▸ WORK INSTRUCTION
When you transcribe the lines below, keep every word the same and leave the pictures behind.

━━━ STORED DATA ━━━

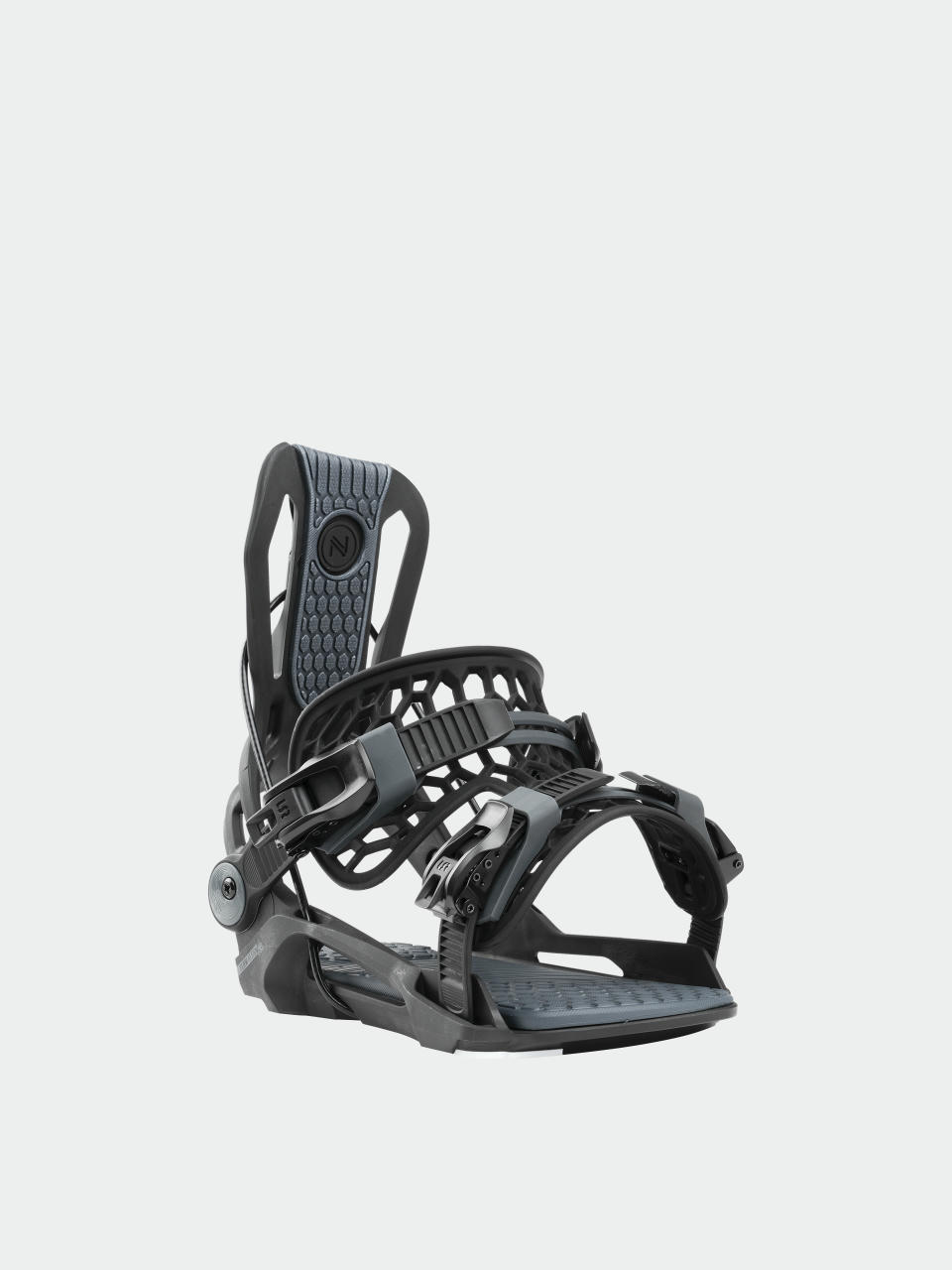 Legături pentru snowboard Nidecker Flow Fenix (black)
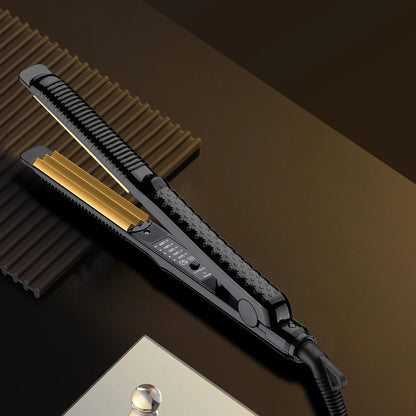 Professional PTC Hair Crimper Iron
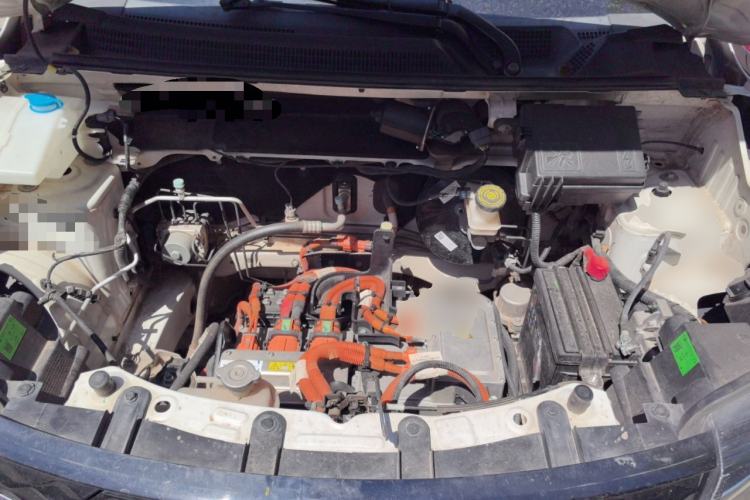 Used Dongfeng NAMMI EX1 2022 PRO Joyful Edition Engine Bay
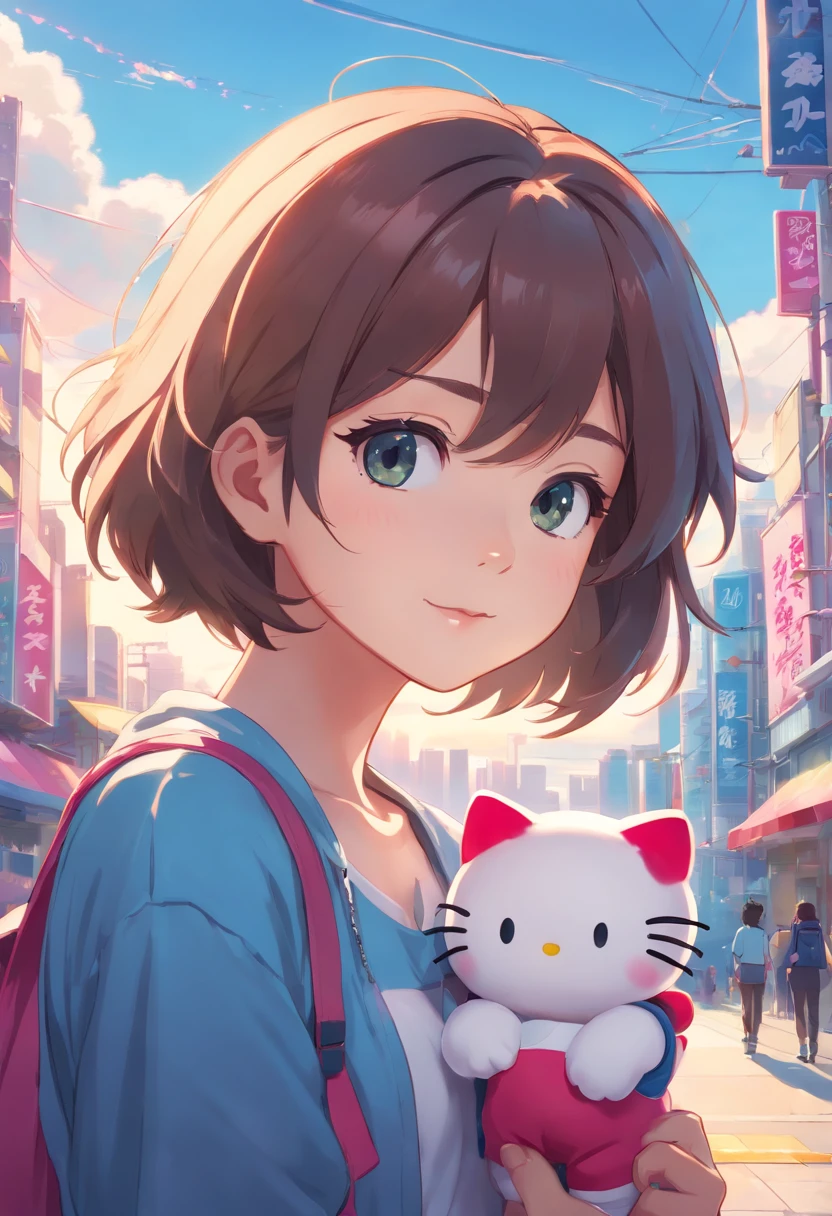 Hello Kitty , Profile icon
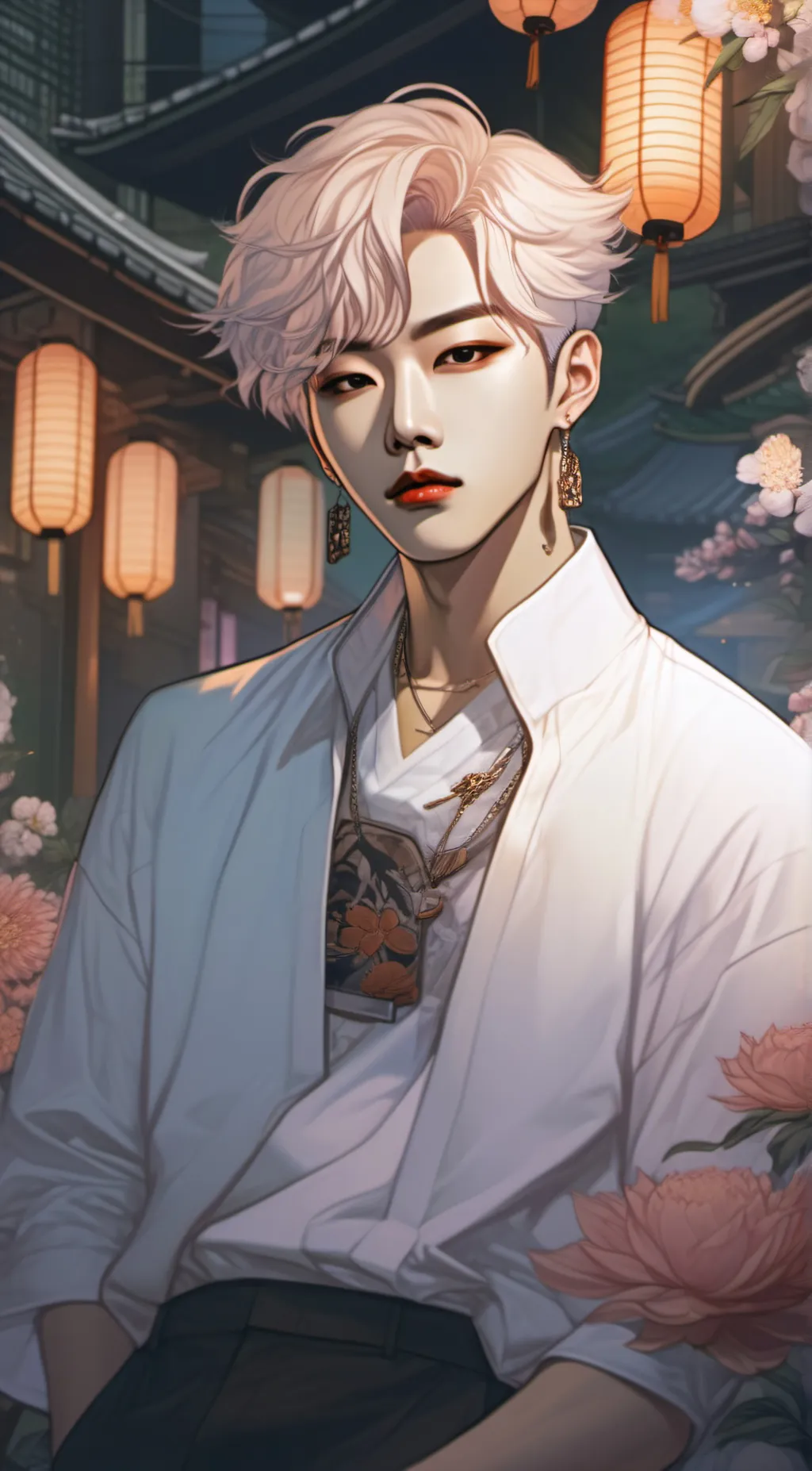 ai character: Nadia  background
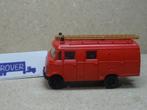 BREKINA 1:87, MB LF-319, BRANDWEER-Materiaalauto, Zie Foto`s, Ophalen of Verzenden, Zo goed als nieuw, Bus of Vrachtwagen, Brekina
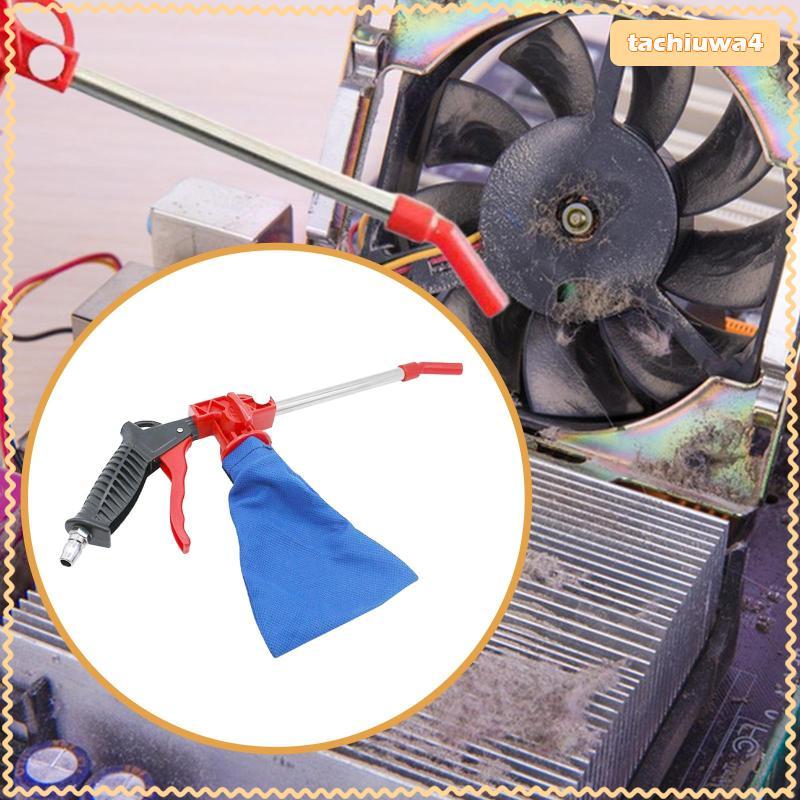 [Tachiuwa3] Aspirador De Pó Soprador De Compressor De Ar 2 Em 1 Bocal De Sucção Pneumática Para Remoção De Poeira De Fen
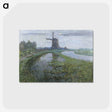 1-28_Piet-Mondrian_postcard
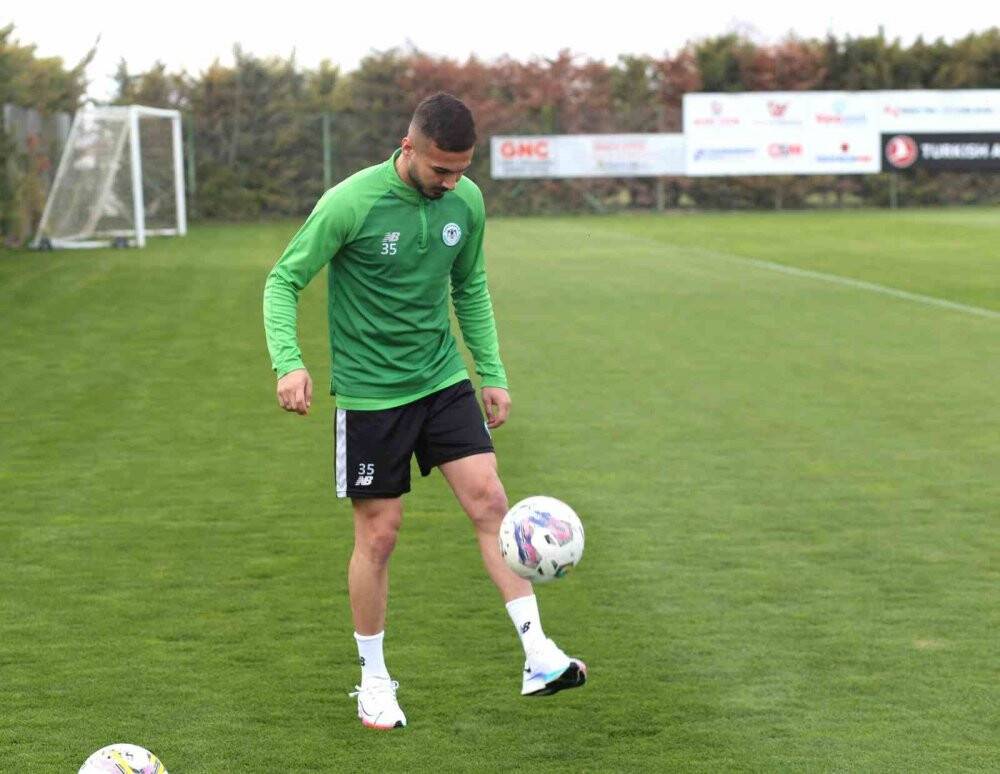 Konyasporlu Oğulcan Ülgün: “Galatasaray maçında tek hedefim kaleydi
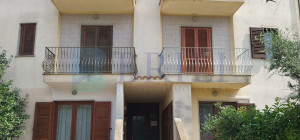 Tempio Pausania: large apartment on the top floor with stunning views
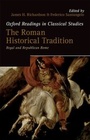 Cover: The Roman Historical Tradition - Oxford University Press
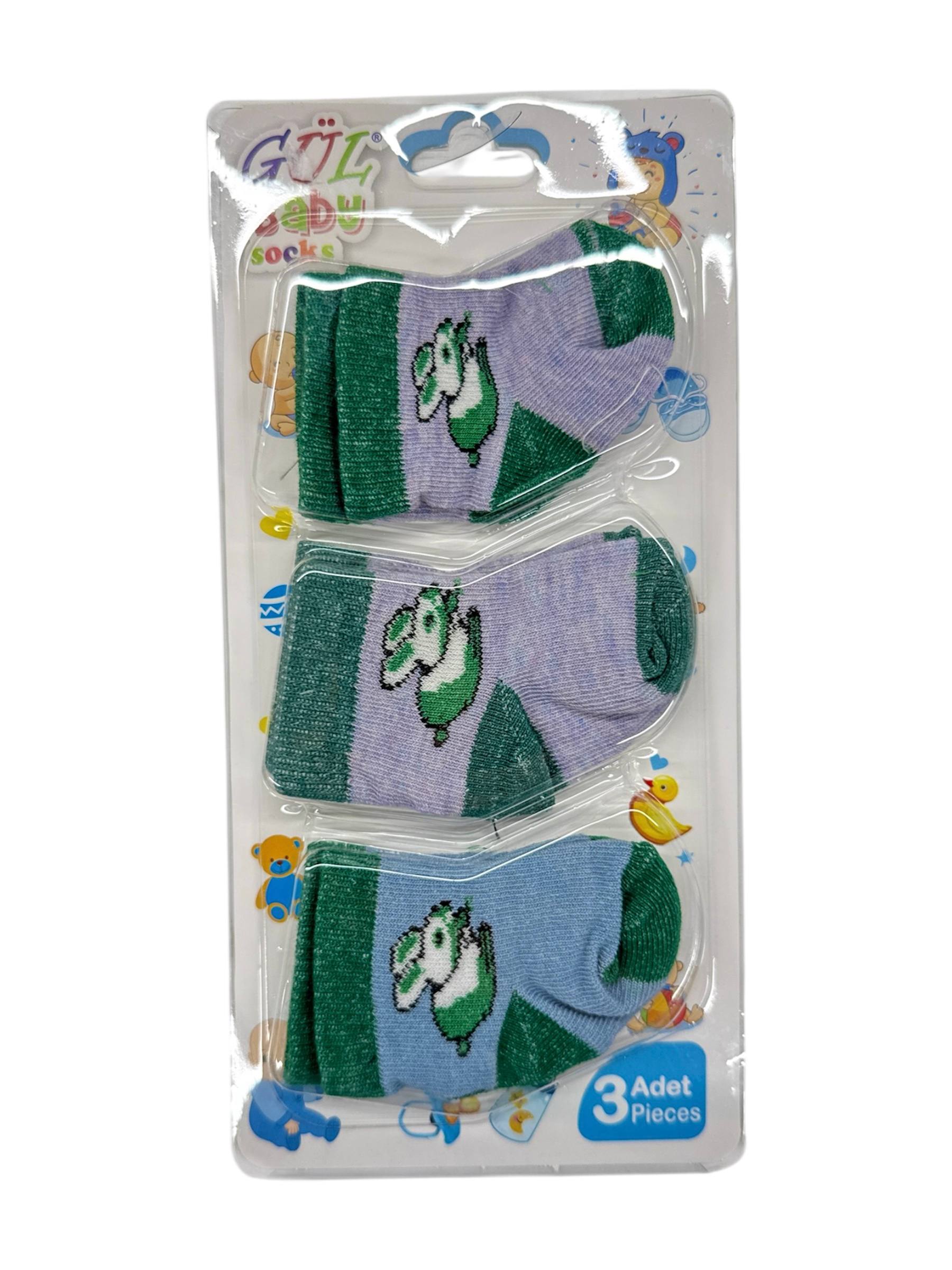 Set 3 Perechi Ciorapi Bebeluși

━━━

▸ SOLUTION TO THIS EXERCISE
 Legături pentru snowboard Nidecker Flow Fenix (black)
 Professional PTC Hair Crimper Iron
 Used Dongfeng NAMMI EX1 2022 PRO Joyful Edition Engine Bay
 Hello Kitty , Profile icon
 ai character: Nadia  background
 BREKINA 1:87, MB LF-319, BRANDWEER-Materiaalauto, Zie Foto`s, Ophalen of Verzenden, Zo goed als nieuw, Bus of Vrachtwagen, Brekina
 [Tachiuwa3] Aspirador De Pó Soprador De Compressor De Ar 2 Em 1 Bocal De Sucção Pneumática Para Remoção De Poeira De Fen
 1-28_Piet-Mondrian_postcard
 Konyasporlu Oğulcan Ülgün: “Galatasaray maçında tek hedefim kaleydi
 Tempio Pausania: large apartment on the top floor with stunning views
 Cover: The Roman Historical Tradition - Oxford University Press
 Set 3 Perechi Ciorapi Bebeluși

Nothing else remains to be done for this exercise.